Se recuarmos pouco mais de um ano, a Dessa Carne Lassa do Mundo, peça inspirada em Romeu e Julieta de Shakespeare, os amores trágicos continuam a inspirar o teatro coreográfico e imagético de Daniel Gorjão. Agora, o cofundador do Teatro do Vão parte para outro clássico, Menina Júlia de Strindberg, fazendo de Jean, o criado, e de Júlia, a jovem aristocrata, instrumentos que permitam “olhar para o fundo de nós.”

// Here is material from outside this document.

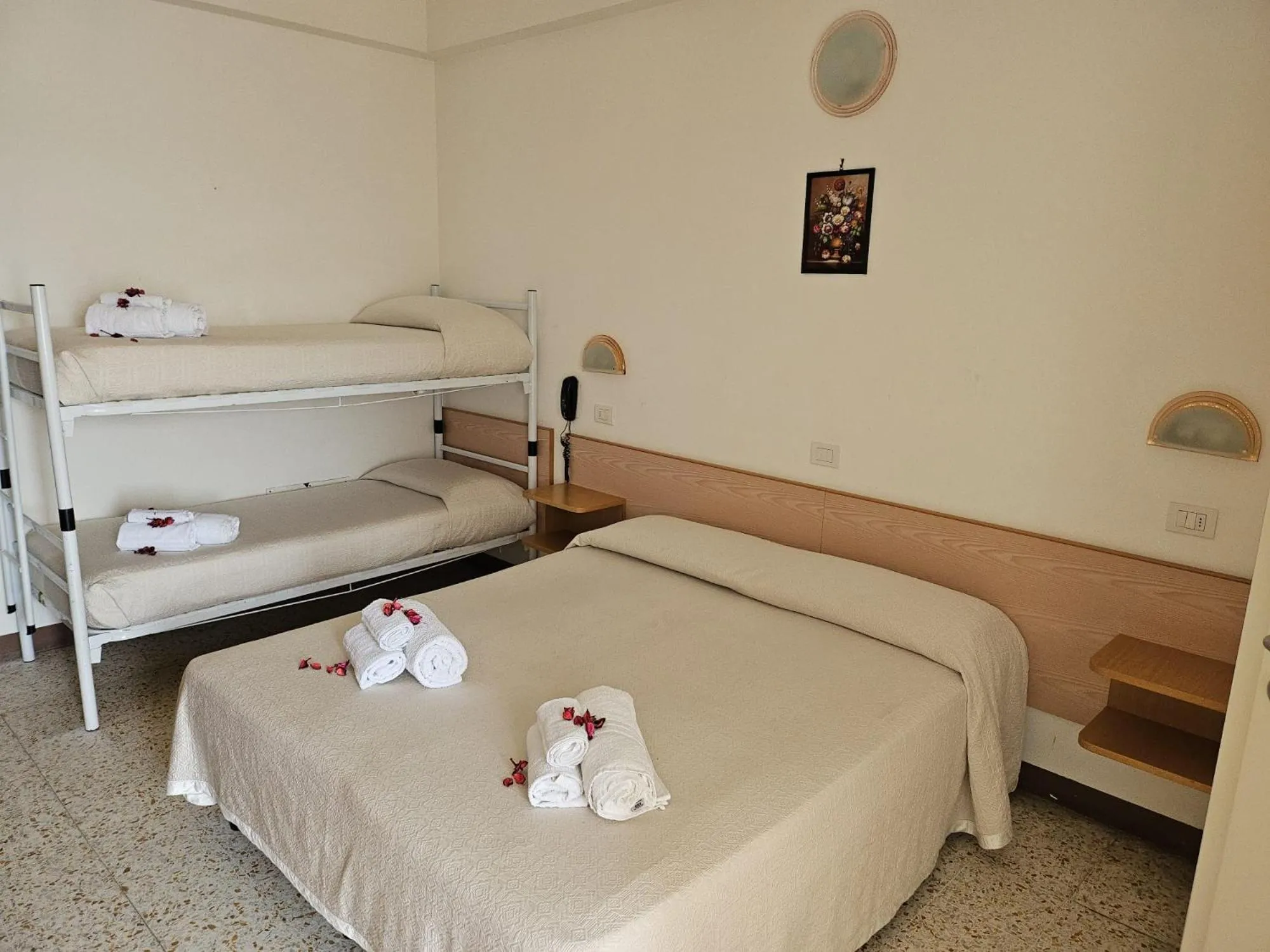 Bedroom, Bed in Hotel Villa Rosa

Ao colocar no epicentro do espetáculo as variantes do desejo que alimentam a relação entre os protagonistas, Gorjão optou por suprimir a terceira personagem do texto original (a criada). “Interessava-me que o enfoque estivesse apenas sobre Júlia e Jean, sublinhando o que os aproxima e os afasta, o que os faz amar e odiar, quase em simultâneo. Interessa-me mostrar o poder do desejo e o desejo de poder que existe em cada um deles, tal como em cada um de nós numa relação amorosa.”

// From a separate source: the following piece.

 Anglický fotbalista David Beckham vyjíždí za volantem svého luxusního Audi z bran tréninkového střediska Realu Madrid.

Mas a obra-prima de Strindberg é rica em abordar outros contextos e conduzir a leituras sobre a ordem social e política da época, afinal, tão marcada pela luta de classes. Gorjão contorna-as, atenua-as através de uma dramaturgia apurada que, “sem mexer no texto, prefere sublinhar as perspetivas que o próprio Strindberg tinha do desejo amoroso.”
Cada espetador torna-se assim um voyeur que, por entre os arbustos do jardim, encontra os amantes num recanto. Eles dançam (é noite de São João!), eles amam-se, eles partilham confidências; mas também discutem, agridem-se, odeiam-se. Afinal, é de tudo isso que é feita a linguagem dos amantes.